• _What you are asked to do_:
From the material below, please set down exactly the lines starting with the one with "Conector de Bisel" and going on through the one with "Kate Spade white Cream Wallet", without a single picture.

**** Exercise inputs ****

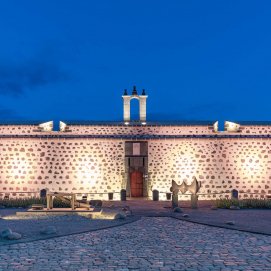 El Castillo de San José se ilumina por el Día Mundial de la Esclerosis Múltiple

****
**** Exercise inputs ****

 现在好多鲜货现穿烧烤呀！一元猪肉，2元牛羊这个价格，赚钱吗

****
**** Exercise inputs ****

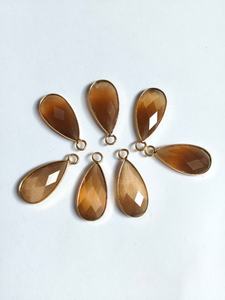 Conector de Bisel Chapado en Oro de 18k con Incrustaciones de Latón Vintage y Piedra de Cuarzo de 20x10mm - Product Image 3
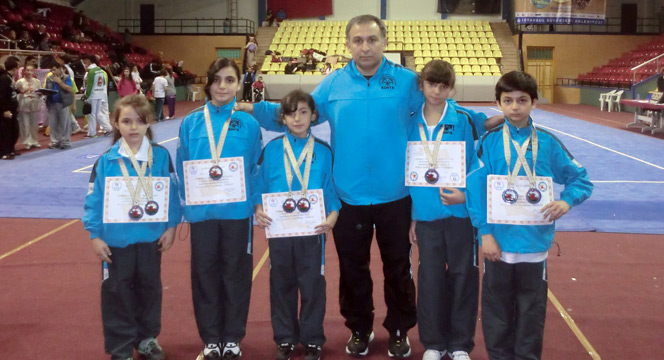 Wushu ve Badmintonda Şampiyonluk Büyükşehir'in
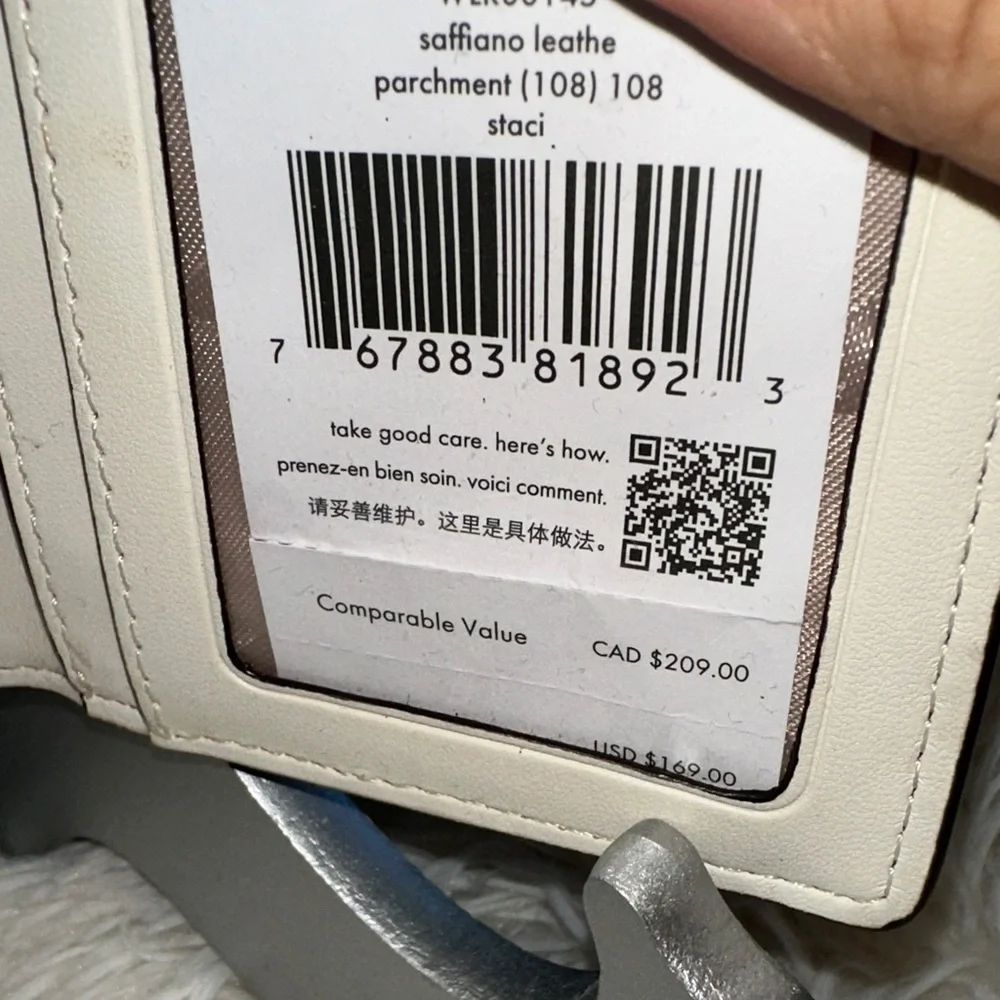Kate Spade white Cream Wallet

****

• _Written solution_:
 Conector de Bisel Chapado en Oro de 18k con Incrustaciones de Latón Vintage y Piedra de Cuarzo de 20x10mm - Product Image 3
 Wushu ve Badmintonda Şampiyonluk Büyükşehir'in
Kate Spade white Cream Wallet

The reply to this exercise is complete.